HMI inspection, 1997
Where subject departments give due thought to their contribution to SMSC, and emphasise it in schemes of work and in planning, this supports pupils' development and enriches the subject. Rarely, however, is this a consistent position across a school.

Effective schools provide their pupils with knowledge and insight into values and religious beliefs and enable them to reflect on experiences in a way which develops their self-knowledge and spiritual awareness. The main responsibility for spiritual development in the curriculum naturally rests with the teaching of RE, but other subjects can also promote spiritual development. In art, for example, where teachers are able to set tasks which call on pupils to express emotion and reflect on abstract concepts, the results can say much about the unspoken spiritual nature of art. In one school, a sixth-form student had made abstract paintings about his family's experience of the Holocaust in an unmistakeable demonstration of the capacity of painting to show feelings. English teaching can also make a significant contribution to spiritual development.
At Broughton High School, Liverpool, the English department regularly uses opportunities to explore the nature of spirituality through language and imagery. For example, in a Year 10 class studying "Twelfth Night", pupils explored the notion that the Duke was in love with Cesario's 'spirit'. The concept of 'spirit' and the range of meanings of 'love' were discussed by the class. Pupils concluded that qualities such as loyalty and love describe our spiritual nature and give individuals their unique character.

HMI inspection, 1997
Although most schools have difficulty with the idea of spiritual development that is not directly associated with religion, the effect of good practice of the kind described above can be seen at St Michael's School, Southwark.
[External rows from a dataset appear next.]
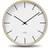 Huygens Huygens Wood25 Index White Wall Silent Quartz Movement Wall Clock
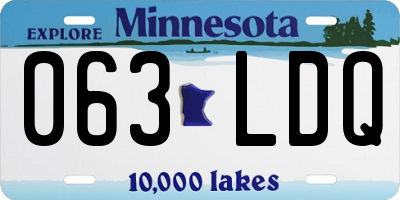 MN license plate 063LDQ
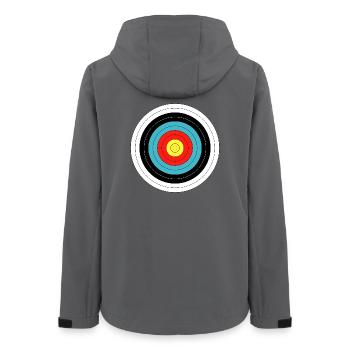 cible - Veste softshell femme recyclée Stanley/Stella - charbon - Dos - AI Model Female 172 light (172cm)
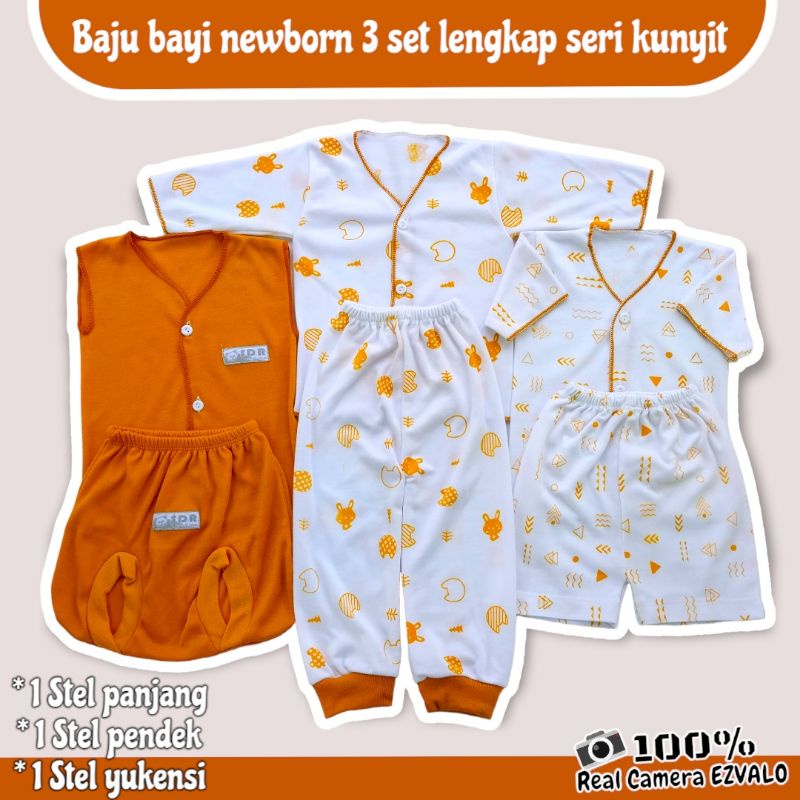 3 SET BAJU BAYI NEWBORN LENGKAP 0-3 BULAN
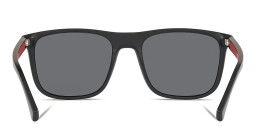 Emporio Armani Square Sunglasses in Matte Black – Product Photo 4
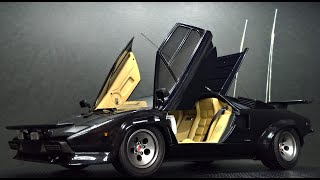 AOSHIMA 124 SCALE Lamborghini Countach 5000QV The Cannonball Run LP400S 1981 Ver  製作記録  31 [upl. by Tracy]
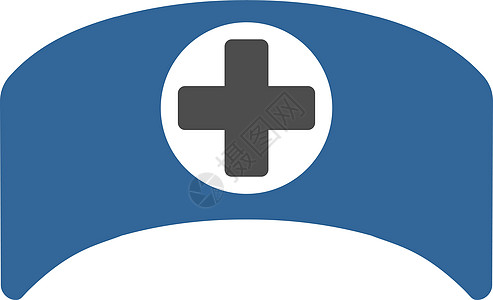 Cap医生章图标医疗救护车护理人员护士灰色帽子医师字形保健卫生图片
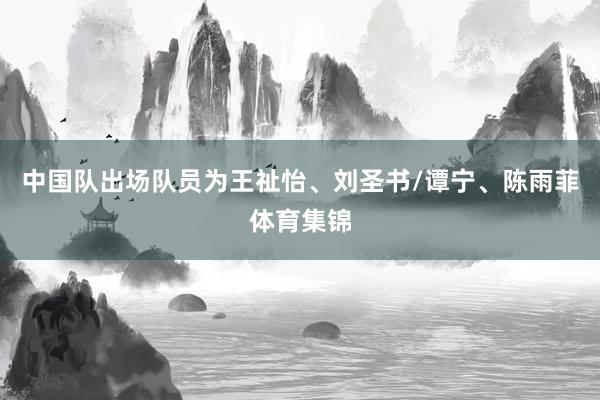 中国队出场队员为王祉怡、刘圣书/谭宁、陈雨菲体育集锦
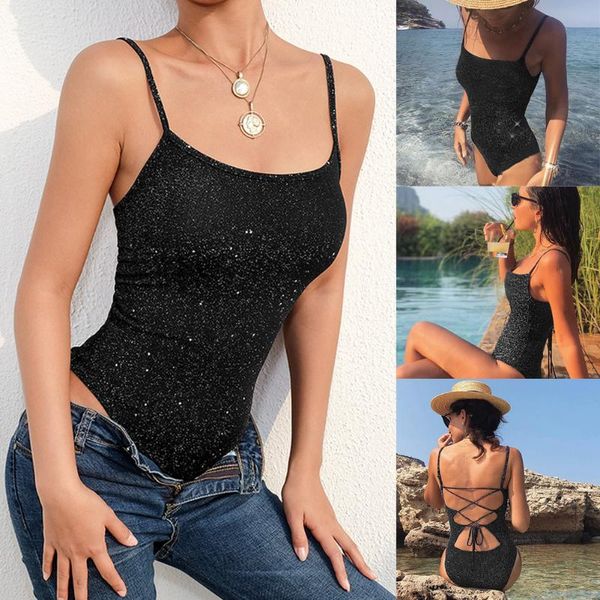 women's jumpsuits & rompers body de mujer bodycon sin mangas mono corto leotardo blusa traje, Black;white
women's jumpsuits & rompers body de mujer bodycon sin mangas mono corto leotardo blusa traje, Black;white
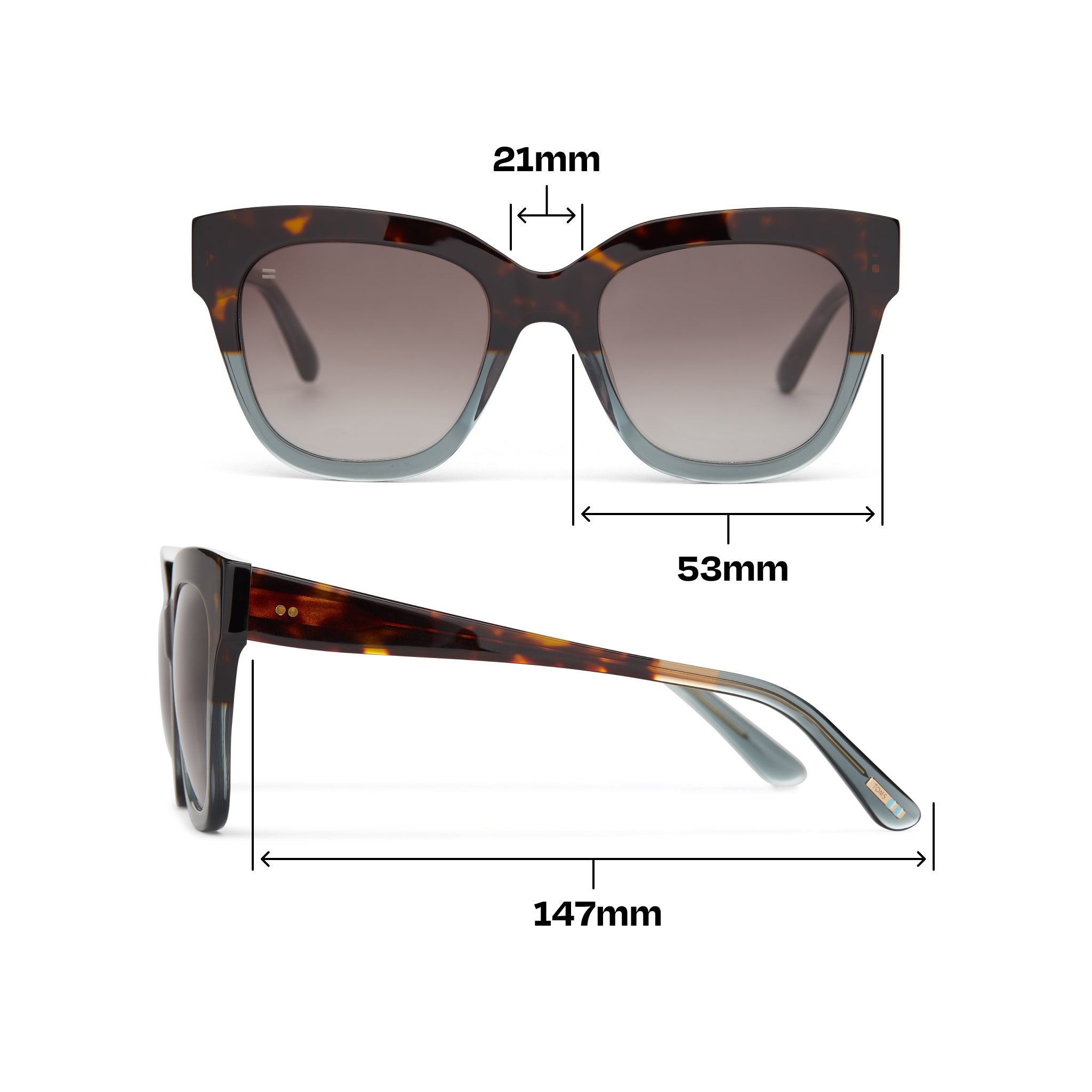 Sloane Tortoise Ocean Grey Fade Handcrafted Sunglasses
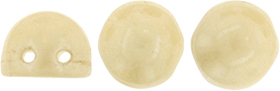 CzechMates Cabochon 7mm : Luster - Opaque Champagne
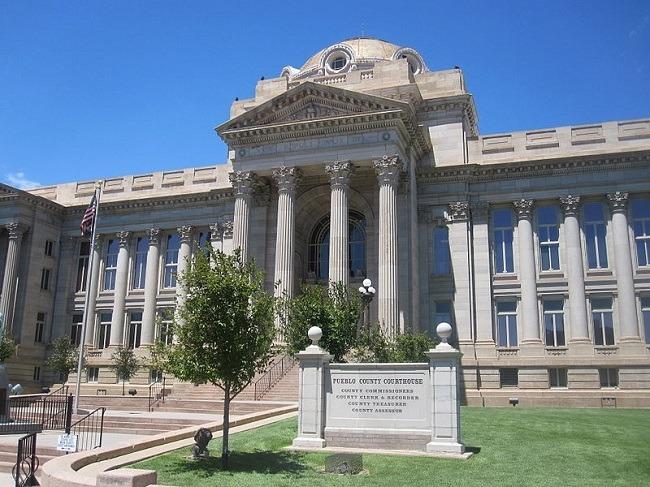 Pueblo County Courthouse, Pueblo, CO. Image: Billy Hathorn via Wikimedia Commons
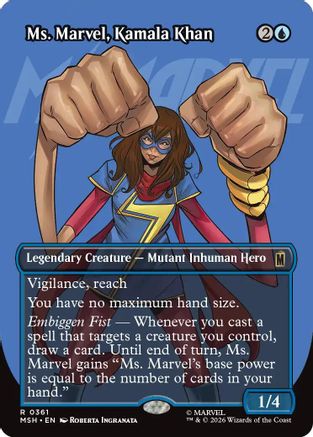 Ms. Marvel, Kamala Khan (Borderless) (MSH-361)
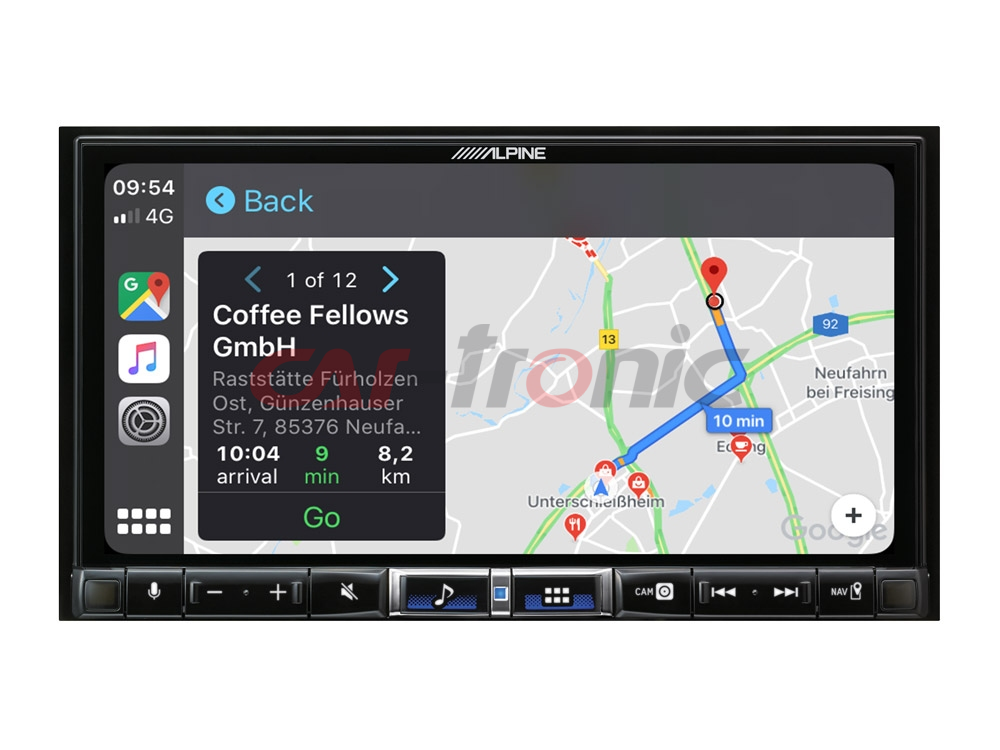 Stacja multimedialna 2 DIN Alpine ILX-705D. Apple CarPlay i Android Auto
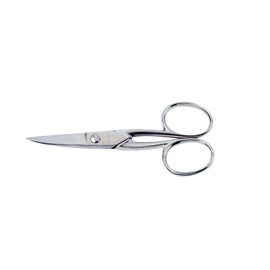 Tijera De Pedicura, Niquelada, Punta Curva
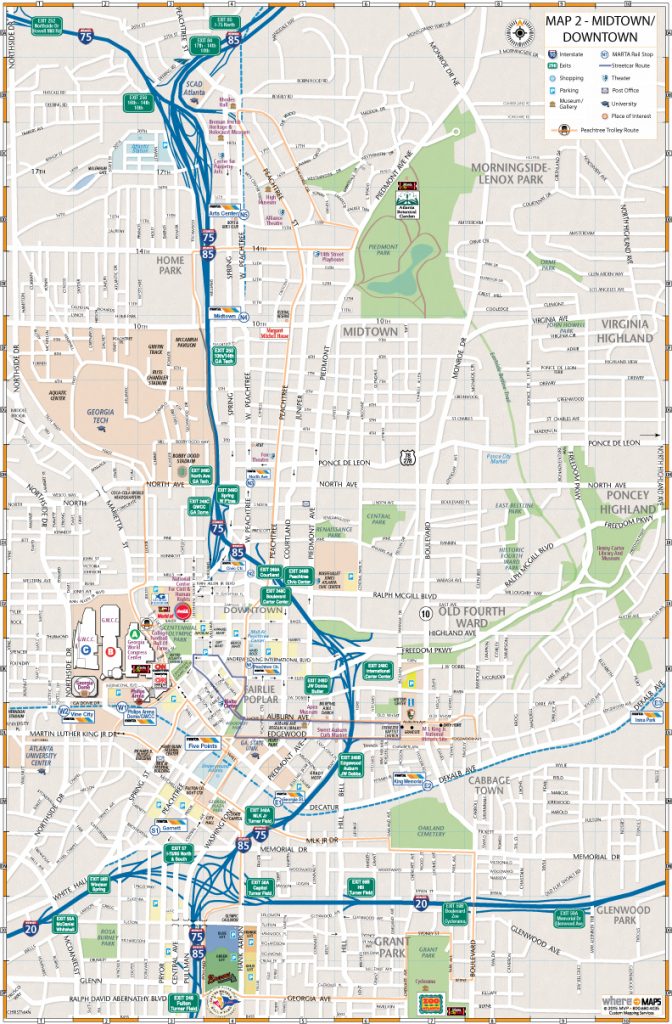 Map Of Downtown Atlanta Ga 
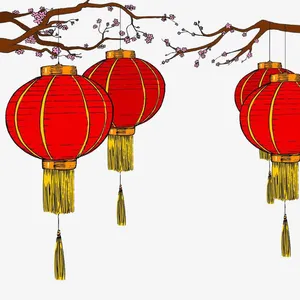 手绘灯笼免抠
Pupils' spiritual development is excellent. Religious education, inspected separately under Section 23, is planned to enable pupils to examine the Roman Catholic faith, the progress of Christianity and note the variety of faiths which help people develop a reasoned set of values, attitudes and beliefs. Other subjects make suitable reference to and contribute to pupils' spiritual growth. For instance, in history, pupils discover the significance of persecution in reinforcing people's faith. In English, poetry provides an opportunity for spiritual reflection. Spiritual awareness is reinforced during listening to music and from time to time in the performance and composition of pupils' own pieces. OFSTED inspection report, 1997

In sixth forms, with the exception of denominational schools, there is generally little formal provision for spiritual development. Some general studies courses include modules on religious issues, but otherwise, unless they are in church schools, the large majority of sixth-form students have no religious education within their programmes. Many students have strong beliefs or views about religion, but these are largely sustained by their experience out of school.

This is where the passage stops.